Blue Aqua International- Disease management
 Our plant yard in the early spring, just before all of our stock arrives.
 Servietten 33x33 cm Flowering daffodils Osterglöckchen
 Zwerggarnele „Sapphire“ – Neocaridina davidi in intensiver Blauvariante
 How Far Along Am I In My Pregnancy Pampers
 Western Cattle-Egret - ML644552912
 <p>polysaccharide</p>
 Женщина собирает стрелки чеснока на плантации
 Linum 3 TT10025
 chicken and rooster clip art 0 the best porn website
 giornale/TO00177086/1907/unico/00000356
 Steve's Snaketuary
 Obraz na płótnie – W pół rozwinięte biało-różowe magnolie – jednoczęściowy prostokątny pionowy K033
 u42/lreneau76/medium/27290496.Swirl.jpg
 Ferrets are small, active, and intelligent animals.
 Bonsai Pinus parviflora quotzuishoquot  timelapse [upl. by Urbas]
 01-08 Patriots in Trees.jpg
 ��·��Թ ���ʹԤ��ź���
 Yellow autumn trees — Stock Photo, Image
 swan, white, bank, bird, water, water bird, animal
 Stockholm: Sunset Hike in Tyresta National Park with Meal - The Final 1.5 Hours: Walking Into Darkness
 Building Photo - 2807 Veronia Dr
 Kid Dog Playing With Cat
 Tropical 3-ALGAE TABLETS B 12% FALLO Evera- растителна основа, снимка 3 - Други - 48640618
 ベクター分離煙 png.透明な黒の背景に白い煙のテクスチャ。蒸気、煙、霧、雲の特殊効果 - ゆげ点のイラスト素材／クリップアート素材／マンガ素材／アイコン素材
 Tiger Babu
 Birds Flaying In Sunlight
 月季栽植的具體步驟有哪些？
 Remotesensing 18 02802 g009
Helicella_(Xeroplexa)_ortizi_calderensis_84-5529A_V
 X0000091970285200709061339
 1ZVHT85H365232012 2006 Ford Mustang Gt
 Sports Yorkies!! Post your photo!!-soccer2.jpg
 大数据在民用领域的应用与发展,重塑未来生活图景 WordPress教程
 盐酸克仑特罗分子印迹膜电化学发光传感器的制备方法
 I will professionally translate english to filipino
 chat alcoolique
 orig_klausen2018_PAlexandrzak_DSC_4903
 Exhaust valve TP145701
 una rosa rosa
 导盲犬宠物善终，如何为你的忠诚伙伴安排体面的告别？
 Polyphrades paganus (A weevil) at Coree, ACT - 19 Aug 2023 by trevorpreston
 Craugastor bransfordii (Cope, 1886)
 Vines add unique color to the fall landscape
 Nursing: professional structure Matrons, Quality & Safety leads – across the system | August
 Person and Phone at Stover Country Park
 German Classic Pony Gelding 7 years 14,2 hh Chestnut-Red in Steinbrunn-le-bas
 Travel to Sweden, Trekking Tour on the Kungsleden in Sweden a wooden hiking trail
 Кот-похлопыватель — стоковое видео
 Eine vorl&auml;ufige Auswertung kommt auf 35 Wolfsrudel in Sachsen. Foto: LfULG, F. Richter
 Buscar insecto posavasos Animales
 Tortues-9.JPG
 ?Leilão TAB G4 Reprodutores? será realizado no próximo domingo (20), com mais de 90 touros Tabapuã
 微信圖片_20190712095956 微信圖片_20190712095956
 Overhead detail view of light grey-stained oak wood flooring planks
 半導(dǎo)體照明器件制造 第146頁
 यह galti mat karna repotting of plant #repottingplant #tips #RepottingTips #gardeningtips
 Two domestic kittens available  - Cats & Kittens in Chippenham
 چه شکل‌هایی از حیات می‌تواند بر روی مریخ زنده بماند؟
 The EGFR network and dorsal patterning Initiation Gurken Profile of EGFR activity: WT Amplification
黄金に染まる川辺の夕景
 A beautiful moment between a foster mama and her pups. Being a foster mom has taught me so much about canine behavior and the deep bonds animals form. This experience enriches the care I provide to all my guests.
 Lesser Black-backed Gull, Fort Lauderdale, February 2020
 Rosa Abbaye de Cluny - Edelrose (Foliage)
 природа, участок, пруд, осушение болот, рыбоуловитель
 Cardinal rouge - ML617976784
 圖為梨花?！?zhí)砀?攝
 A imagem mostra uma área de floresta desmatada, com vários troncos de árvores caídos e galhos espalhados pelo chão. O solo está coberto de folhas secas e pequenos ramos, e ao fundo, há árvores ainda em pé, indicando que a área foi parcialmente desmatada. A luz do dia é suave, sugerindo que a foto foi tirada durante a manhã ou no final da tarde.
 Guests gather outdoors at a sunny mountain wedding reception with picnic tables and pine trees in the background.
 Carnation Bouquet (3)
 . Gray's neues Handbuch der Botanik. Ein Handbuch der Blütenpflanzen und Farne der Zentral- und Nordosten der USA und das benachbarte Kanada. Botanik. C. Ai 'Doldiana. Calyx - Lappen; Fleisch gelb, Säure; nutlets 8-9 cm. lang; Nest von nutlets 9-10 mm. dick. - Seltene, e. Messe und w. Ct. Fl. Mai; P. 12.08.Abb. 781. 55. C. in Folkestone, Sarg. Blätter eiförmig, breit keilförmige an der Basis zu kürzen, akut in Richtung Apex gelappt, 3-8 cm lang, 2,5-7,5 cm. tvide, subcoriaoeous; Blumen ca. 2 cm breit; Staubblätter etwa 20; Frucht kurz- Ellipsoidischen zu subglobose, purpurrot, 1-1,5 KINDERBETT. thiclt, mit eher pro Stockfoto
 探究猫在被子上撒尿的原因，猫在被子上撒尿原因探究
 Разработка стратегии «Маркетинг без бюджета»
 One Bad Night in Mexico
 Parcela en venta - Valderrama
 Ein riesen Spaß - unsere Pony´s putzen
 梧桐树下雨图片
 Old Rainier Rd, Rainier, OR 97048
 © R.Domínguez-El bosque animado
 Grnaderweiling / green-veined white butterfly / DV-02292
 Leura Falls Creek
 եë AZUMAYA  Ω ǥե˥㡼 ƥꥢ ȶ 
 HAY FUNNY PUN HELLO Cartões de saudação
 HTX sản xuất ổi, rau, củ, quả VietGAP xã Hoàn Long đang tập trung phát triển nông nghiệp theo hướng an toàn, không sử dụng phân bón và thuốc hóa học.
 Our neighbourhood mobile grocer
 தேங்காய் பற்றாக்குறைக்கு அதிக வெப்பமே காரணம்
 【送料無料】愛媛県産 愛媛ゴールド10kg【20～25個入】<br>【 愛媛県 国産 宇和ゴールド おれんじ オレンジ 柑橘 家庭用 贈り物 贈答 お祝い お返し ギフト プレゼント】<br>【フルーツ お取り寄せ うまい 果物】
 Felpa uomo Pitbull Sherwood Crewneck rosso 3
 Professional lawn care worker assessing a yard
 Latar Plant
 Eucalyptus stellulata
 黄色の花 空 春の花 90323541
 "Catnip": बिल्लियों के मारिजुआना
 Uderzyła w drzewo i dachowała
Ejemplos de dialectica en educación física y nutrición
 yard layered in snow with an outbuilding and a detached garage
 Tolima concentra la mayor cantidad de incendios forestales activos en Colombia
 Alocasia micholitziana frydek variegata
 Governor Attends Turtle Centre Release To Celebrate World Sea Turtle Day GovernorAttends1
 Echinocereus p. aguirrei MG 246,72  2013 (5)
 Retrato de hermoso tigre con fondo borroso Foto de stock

WHAT YOU SHOULD DO: Each of the records shown above needs to be repeated exactly.

THE COMPLETED TASK:
Blue Aqua International- Disease management
 Our plant yard in the early spring, just before all of our stock arrives.
 Servietten 33x33 cm Flowering daffodils Osterglöckchen
 Zwerggarnele „Sapphire“ – Neocaridina davidi in intensiver Blauvariante
 How Far Along Am I In My Pregnancy Pampers
 Western Cattle-Egret - ML644552912
 <p>polysaccharide</p>
 Женщина собирает стрелки чеснока на плантации
 Linum 3 TT10025
 chicken and rooster clip art 0 the best porn website
 giornale/TO00177086/1907/unico/00000356
 Steve's Snaketuary
 Obraz na płótnie – W pół rozwinięte biało-różowe magnolie – jednoczęściowy prostokątny pionowy K033
 u42/lreneau76/medium/27290496.Swirl.jpg
 Ferrets are small, active, and intelligent animals.
 Bonsai Pinus parviflora quotzuishoquot  timelapse [upl. by Urbas]
 01-08 Patriots in Trees.jpg
 ��·��Թ ���ʹԤ��ź���
 Yellow autumn trees — Stock Photo, Image
 swan, white, bank, bird, water, water bird, animal
 Stockholm: Sunset Hike in Tyresta National Park with Meal - The Final 1.5 Hours: Walking Into Darkness
 Building Photo - 2807 Veronia Dr
 Kid Dog Playing With Cat
 Tropical 3-ALGAE TABLETS B 12% FALLO Evera- растителна основа, снимка 3 - Други - 48640618
 ベクター分離煙 png.透明な黒の背景に白い煙のテクスチャ。蒸気、煙、霧、雲の特殊効果 - ゆげ点のイラスト素材／クリップアート素材／マンガ素材／アイコン素材
 Tiger Babu
 Birds Flaying In Sunlight
 月季栽植的具體步驟有哪些？
 Remotesensing 18 02802 g009
Helicella_(Xeroplexa)_ortizi_calderensis_84-5529A_V
 X0000091970285200709061339
 1ZVHT85H365232012 2006 Ford Mustang Gt
 Sports Yorkies!! Post your photo!!-soccer2.jpg
 大数据在民用领域的应用与发展,重塑未来生活图景 WordPress教程
 盐酸克仑特罗分子印迹膜电化学发光传感器的制备方法
 I will professionally translate english to filipino
 chat alcoolique
 orig_klausen2018_PAlexandrzak_DSC_4903
 Exhaust valve TP145701
 una rosa rosa
 导盲犬宠物善终，如何为你的忠诚伙伴安排体面的告别？
 Polyphrades paganus (A weevil) at Coree, ACT - 19 Aug 2023 by trevorpreston
 Craugastor bransfordii (Cope, 1886)
 Vines add unique color to the fall landscape
 Nursing: professional structure Matrons, Quality & Safety leads – across the system | August
 Person and Phone at Stover Country Park
 German Classic Pony Gelding 7 years 14,2 hh Chestnut-Red in Steinbrunn-le-bas
 Travel to Sweden, Trekking Tour on the Kungsleden in Sweden a wooden hiking trail
 Кот-похлопыватель — стоковое видео
 Eine vorl&auml;ufige Auswertung kommt auf 35 Wolfsrudel in Sachsen. Foto: LfULG, F. Richter
 Buscar insecto posavasos Animales
 Tortues-9.JPG
 ?Leilão TAB G4 Reprodutores? será realizado no próximo domingo (20), com mais de 90 touros Tabapuã
 微信圖片_20190712095956 微信圖片_20190712095956
 Overhead detail view of light grey-stained oak wood flooring planks
 半導(dǎo)體照明器件制造 第146頁
 यह galti mat karna repotting of plant #repottingplant #tips #RepottingTips #gardeningtips
 Two domestic kittens available  - Cats & Kittens in Chippenham
 چه شکل‌هایی از حیات می‌تواند بر روی مریخ زنده بماند؟
 The EGFR network and dorsal patterning Initiation Gurken Profile of EGFR activity: WT Amplification
黄金に染まる川辺の夕景
 A beautiful moment between a foster mama and her pups. Being a foster mom has taught me so much about canine behavior and the deep bonds animals form. This experience enriches the care I provide to all my guests.
 Lesser Black-backed Gull, Fort Lauderdale, February 2020
 Rosa Abbaye de Cluny - Edelrose (Foliage)
 природа, участок, пруд, осушение болот, рыбоуловитель
 Cardinal rouge - ML617976784
 圖為梨花?！?zhí)砀?攝
 A imagem mostra uma área de floresta desmatada, com vários troncos de árvores caídos e galhos espalhados pelo chão. O solo está coberto de folhas secas e pequenos ramos, e ao fundo, há árvores ainda em pé, indicando que a área foi parcialmente desmatada. A luz do dia é suave, sugerindo que a foto foi tirada durante a manhã ou no final da tarde.
 Guests gather outdoors at a sunny mountain wedding reception with picnic tables and pine trees in the background.
 Carnation Bouquet (3)
 . Gray's neues Handbuch der Botanik. Ein Handbuch der Blütenpflanzen und Farne der Zentral- und Nordosten der USA und das benachbarte Kanada. Botanik. C. Ai 'Doldiana. Calyx - Lappen; Fleisch gelb, Säure; nutlets 8-9 cm. lang; Nest von nutlets 9-10 mm. dick. - Seltene, e. Messe und w. Ct. Fl. Mai; P. 12.08.Abb. 781. 55. C. in Folkestone, Sarg. Blätter eiförmig, breit keilförmige an der Basis zu kürzen, akut in Richtung Apex gelappt, 3-8 cm lang, 2,5-7,5 cm. tvide, subcoriaoeous; Blumen ca. 2 cm breit; Staubblätter etwa 20; Frucht kurz- Ellipsoidischen zu subglobose, purpurrot, 1-1,5 KINDERBETT. thiclt, mit eher pro Stockfoto
 探究猫在被子上撒尿的原因，猫在被子上撒尿原因探究
 Разработка стратегии «Маркетинг без бюджета»
 One Bad Night in Mexico
 Parcela en venta - Valderrama
 Ein riesen Spaß - unsere Pony´s putzen
 梧桐树下雨图片
 Old Rainier Rd, Rainier, OR 97048
 © R.Domínguez-El bosque animado
 Grnaderweiling / green-veined white butterfly / DV-02292
 Leura Falls Creek
 եë AZUMAYA  Ω ǥե˥㡼 ƥꥢ ȶ 
 HAY FUNNY PUN HELLO Cartões de saudação
 HTX sản xuất ổi, rau, củ, quả VietGAP xã Hoàn Long đang tập trung phát triển nông nghiệp theo hướng an toàn, không sử dụng phân bón và thuốc hóa học.
 Our neighbourhood mobile grocer
 தேங்காய் பற்றாக்குறைக்கு அதிக வெப்பமே காரணம்
 【送料無料】愛媛県産 愛媛ゴールド10kg【20～25個入】<br>【 愛媛県 国産 宇和ゴールド おれんじ オレンジ 柑橘 家庭用 贈り物 贈答 お祝い お返し ギフト プレゼント】<br>【フルーツ お取り寄せ うまい 果物】
 Felpa uomo Pitbull Sherwood Crewneck rosso 3
 Professional lawn care worker assessing a yard
 Latar Plant
 Eucalyptus stellulata
 黄色の花 空 春の花 90323541
 "Catnip": बिल्लियों के मारिजुआना
 Uderzyła w drzewo i dachowała
Ejemplos de dialectica en educación física y nutrición
 yard layered in snow with an outbuilding and a detached garage
 Tolima concentra la mayor cantidad de incendios forestales activos en Colombia
 Alocasia micholitziana frydek variegata
 Governor Attends Turtle Centre Release To Celebrate World Sea Turtle Day GovernorAttends1
 Echinocereus p. aguirrei MG 246,72  2013 (5)
 Retrato de hermoso tigre con fondo borroso Foto de stock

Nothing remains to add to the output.